In tutte le città che non hanno la storia di Amsterdam, il fattore che ha decisamente aumentato i casi di biciclette nei fiumi è stato l’introduzione dei servizi di bike sharing, e in particolare di quelli in modalità “a flusso libero” – quello che viene anche chiamato free floating –, che dà la possibilità di prendere una bici a noleggio per strada e lasciarla (quasi) in qualsiasi luogo quando si finisce di usarla.

È un meccanismo che ha portato migliaia di nuove bici in giro per le città e aumentato ulteriormente la percezione della loro sostituibilità. In Cina, dove ci sono circa 70 startup di bike sharing a flusso libero, dal 2016 sono stati introdotti milioni di bici, in alcuni casi superando la domanda. Fin da subito società cinesi come Ofo e Mobike, tra le più grandi al mondo a offrire questi servizi, si sono ritrovate a doverne recuperare migliaia dai fiumi.

Nei dintorni di grandi città come Pechino, Shanghai e Xiamen sono sorti luoghi che sono stati rinominati “cimiteri di biciclette”, dove migliaia tra quelle sequestrate, recuperate dai fiumi e danneggiate compongono enormi pile di bici che nessuno usa, e che apparentemente non servono.

– Leggi anche: C’è un problema col bike sharing, in Cina

Un cimitero di biciclette a Nanchino (TPG via ZUMA Press)

Anche a Parigi si è notata una certa differenza da quando è stato introdotto il bike sharing Vélib, nel 2007, con 14.500 bici a noleggio. All’epoca non era ancora stato introdotto lo sharing a flusso libero, esisteva solo quello a “postazione fissa” (cioè che imponeva di parcheggiare la bici solo in certe stazioni adibite apposta). Quando per la prima volta da quella novità venne svuotato per le abituali pulizie il Canal Saint-Martin, nel 2014, si trovarono moltissime bici di Vélib: alcune intatte, altre danneggiate, senza le ruote o il manubrio.

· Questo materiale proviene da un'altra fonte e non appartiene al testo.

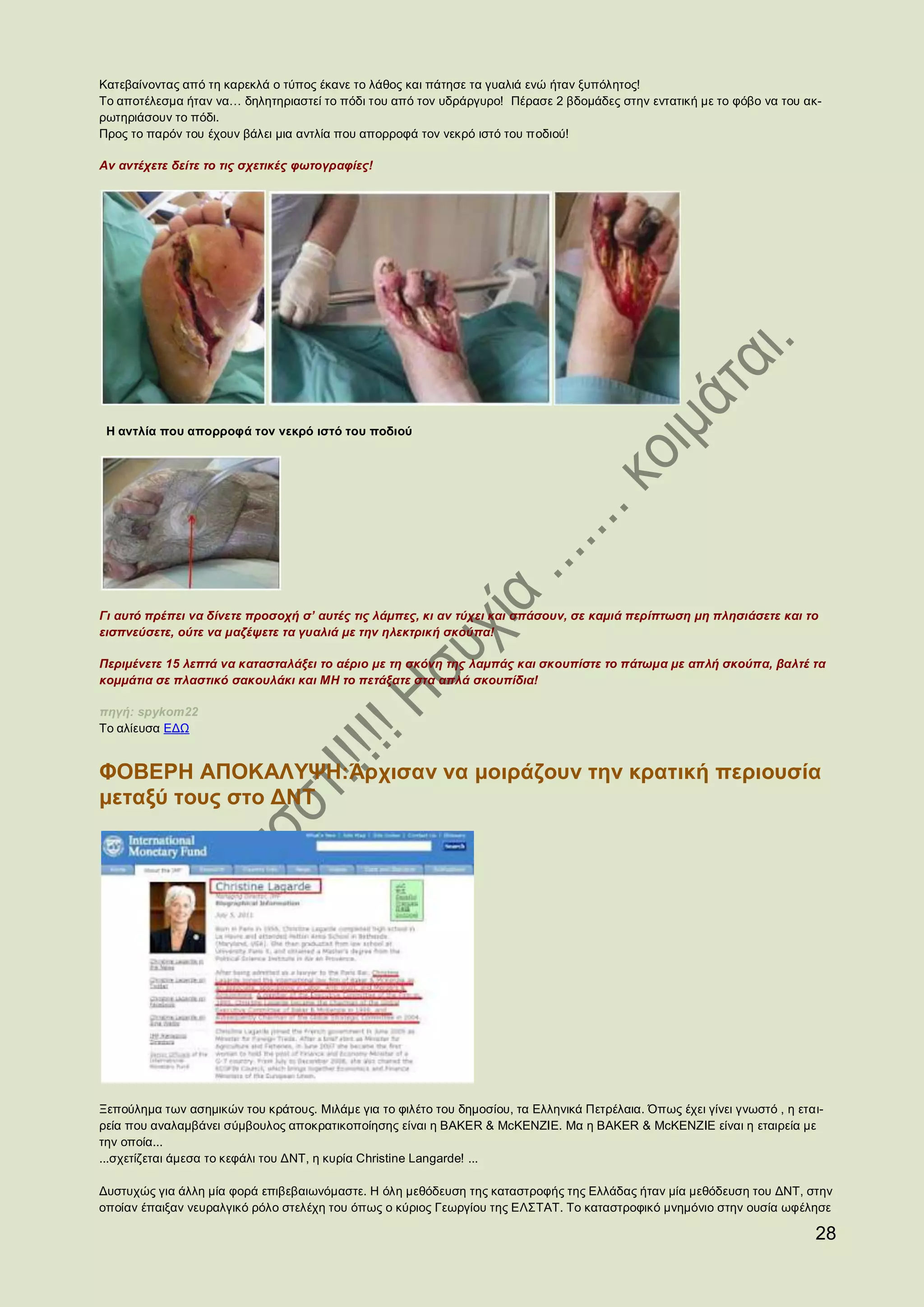 Κατεβαίνοντας από τη καρεκλά ο τύπος έκανε το λάθος και πάτησε τα γυαλιά ενώ ήταν ξυπόλητος!
Το αποτέλεσμα ήταν να… δηλητηριαστεί το πόδι του από τον υδράργυρο! Πέρασε 2 βδομάδες στην εντατική με το φόβο να του ακ-
ρωτηριάσουν το πόδι.
Προς το παρόν του έχουν βάλει μια αντλία που απορροφά τον νεκρό ιστό του ποδιού!

Αν αντέχετε δείτε το τις σχετικές φωτογραφίες!




 Η αντλία που απορροφά τον νεκρό ιστό του ποδιού




Γι αυτό πρέπει να δίνετε προσοχή σ’ αυτές τις λάμπες, κι αν τύχει και σπάσουν, σε καμιά περίπτωση μη πλησιάσετε και το
εισπνεύσετε, ούτε να μαζέψετε τα γυαλιά με την ηλεκτρική σκούπα!

Περιμένετε 15 λεπτά να κατασταλάξει το αέριο με τη σκόνη της λαμπάς και σκουπίστε το πάτωμα με απλή σκούπα, βαλτέ τα
κομμάτια σε πλαστικό σακουλάκι και ΜΗ το πετάξατε στα απλά σκουπίδια!

πηγή: spykom22
Το αλίευσα ΕΔΩ


ΦΟΒΕΡΗ ΑΠΟΚΑΛΥΨΗ:Άρχισαν να μοιράζουν την κρατική περιουσία
μεταξύ τους στο ΔΝΤ




Ξεπούλημα των ασημικών του κράτους. Μιλάμε για το φιλέτο του δημοσίου, τα Ελληνικά Πετρέλαια. Όπως έχει γίνει γνωστό , η εται-
ρεία που αναλαμβάνει σύμβουλος αποκρατικοποίησης είναι η BAKER & McKENZIE. Μα η BAKER & McKENZIE είναι η εταιρεία με
την οποία...
...σχετίζεται άμεσα το κεφάλι του ΔΝΤ, η κυρία Christine Langarde! ...

Δυστυχώς για άλλη μία φορά επιβεβαιωνόμαστε. Η όλη μεθόδευση της καταστροφής της Ελλάδας ήταν μία μεθόδευση του ΔΝΤ, στην
οποίαν έπαιξαν νευραλγικό ρόλο στελέχη του όπως ο κύριος Γεωργίου της ΕΛΣΤΑΤ. Το καταστροφικό μνημόνιο στην ουσία ωφέλησε

                                                                                                                            28
 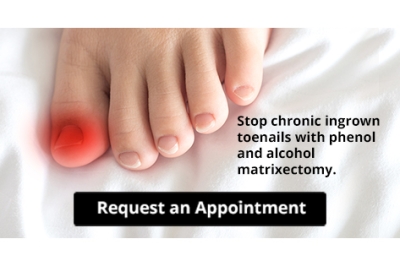Stop Chronic Ingrown Toenails with Phenol and Alcohol Matrixectomy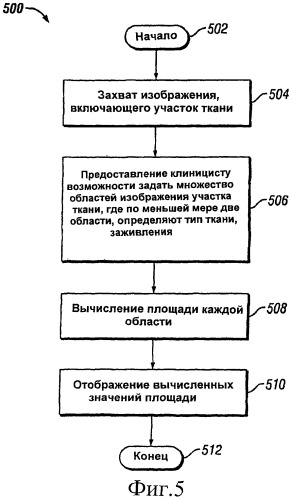 Система и способ слежения за процессом заживания ткани (патент 2430680)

Anche nella Senna le bici sono l’oggetto più ritrovato: Raphaël, un bambino di 11 anni che ha acquisito una certa popolarità ripulendo le acque del principale fiume parigino con un grosso magnete, dice di averne raccolte 300 da quando ha iniziato.

Ma problemi simili si sono avuti un po’ in tutto il mondo: nei fiumi e canali delle città britanniche come Londra e Manchester, così come in Svezia a Malmö, in Australia a Melbourne o a Tokyo, in Giappone.

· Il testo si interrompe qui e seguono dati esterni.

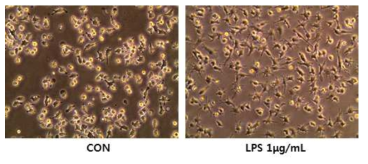 Representative image of morphological change in RAW264.7 cells after LPS treatment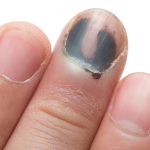 Finger nail injury prevention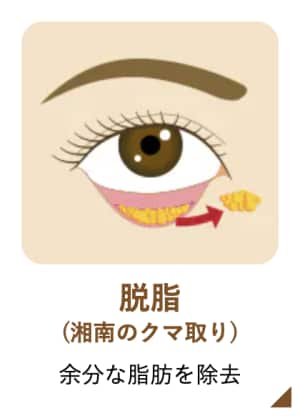 アイバックリムーブ
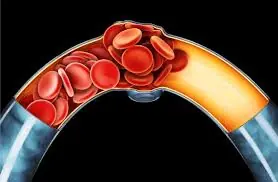 10 Signs to Be Aware Of That May Relate to Clogged Arteries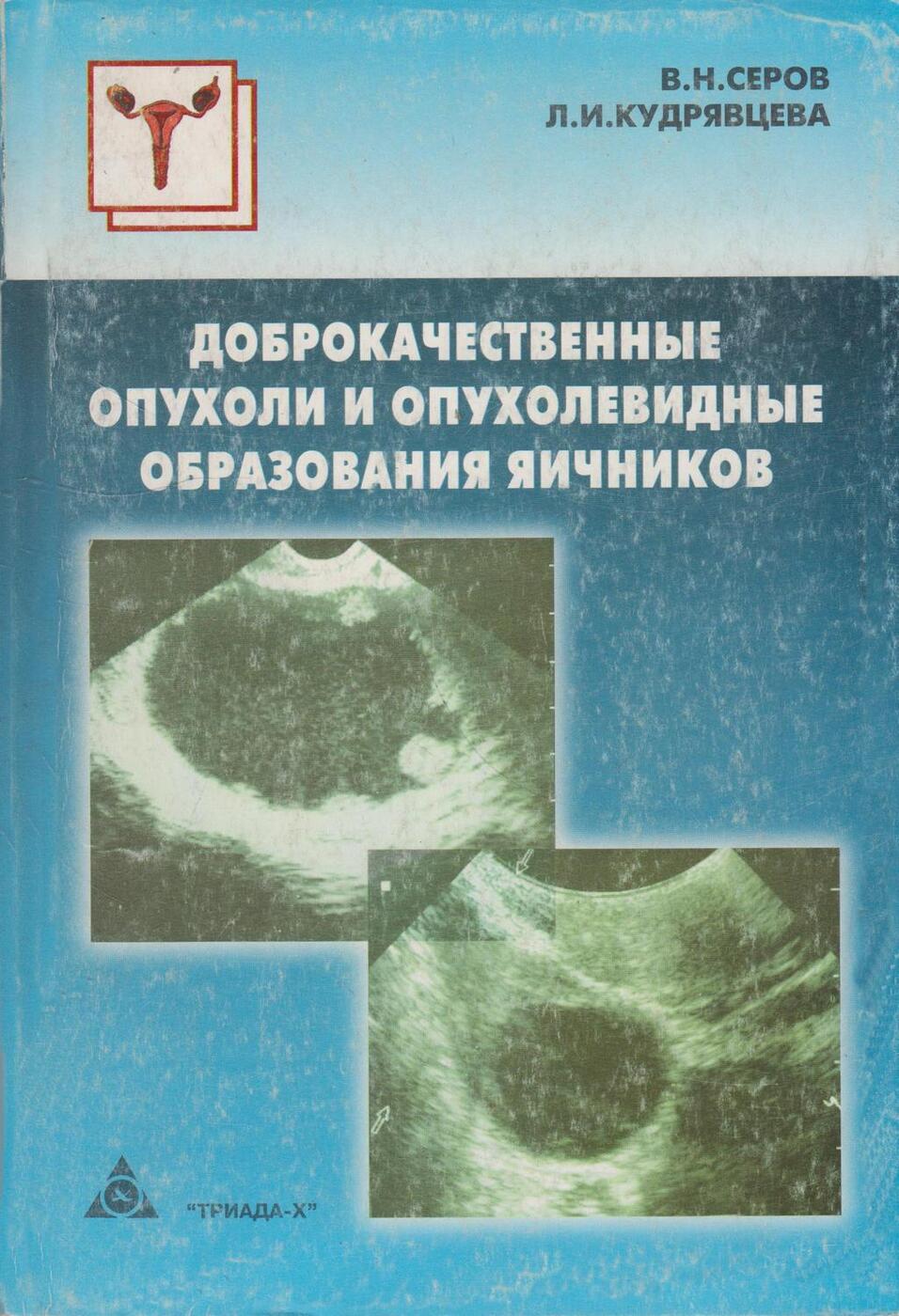 Презентация опухоли и опухолевидные образования яичников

Una bici in un canale ghiacciato ad Amsterdam (AP Photo/Peter Dejong)

In Italia, come in tutti questi altri paesi, la ragione principale sembra essere sempre il vandalismo, a cui il bike sharing a flusso libero ha dato una nuova valvola di sfogo: ci sono decine di articoli su biciclette nel Po a Torino, nei Navigli a Milano, nel Tevere a Roma. Nel 2018 un servizio di bike sharing aveva chiuso a Roma e in altre città italiane dopo meno di un anno di attività, citando tra i motivi i molti atti di vandalismo subiti dalla flotta di bici.

A Milano succede in particolare nella parte dei Navigli vicina a locali molto frequentati durante il fine settimana. Simone Lunghi, che lavora come insegnante in una società di canottaggio sul Naviglio Grande, ha iniziato da qualche anno a raccogliere rifiuti dal corso d’acqua con l’aiuto dei suoi allievi: soprattutto biciclette. Racconta di averne tirate fuori tra le 850 e le 900, dal 2015. La maggior parte viene ritrovata il sabato e la domenica mattina.

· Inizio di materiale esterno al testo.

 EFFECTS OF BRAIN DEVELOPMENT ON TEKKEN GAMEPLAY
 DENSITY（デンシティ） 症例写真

Le bici sono quasi tutte dei servizi di sharing: «Di bici private ne avremo tirate su 5, massimo 7, in tutti questi anni». Ci sono anche monopattini, ma molti meno: ne hanno recuperati circa una sessantina in tutto. Ormai è in contatto con i referenti della maggior parte delle società di bike sharing, che di solito passano a recuperare le bici tirate fuori da Lunghi appena possono.

Anche il Consorzio Est Ticino Villoresi, che raduna gli agricoltori che utilizzano l’acqua dei canali della zona e si occupa della manutenzione dei Navigli, conferma che la maggior parte dei rifiuti ritrovati è costituita da biciclette. Secondo Lunghi molte delle persone che gettano le bici dei servizi di sharing nel Naviglio lo fanno perché lo percepiscono come meno grave: «Quella bici è di tutti, e quindi non è di nessuno».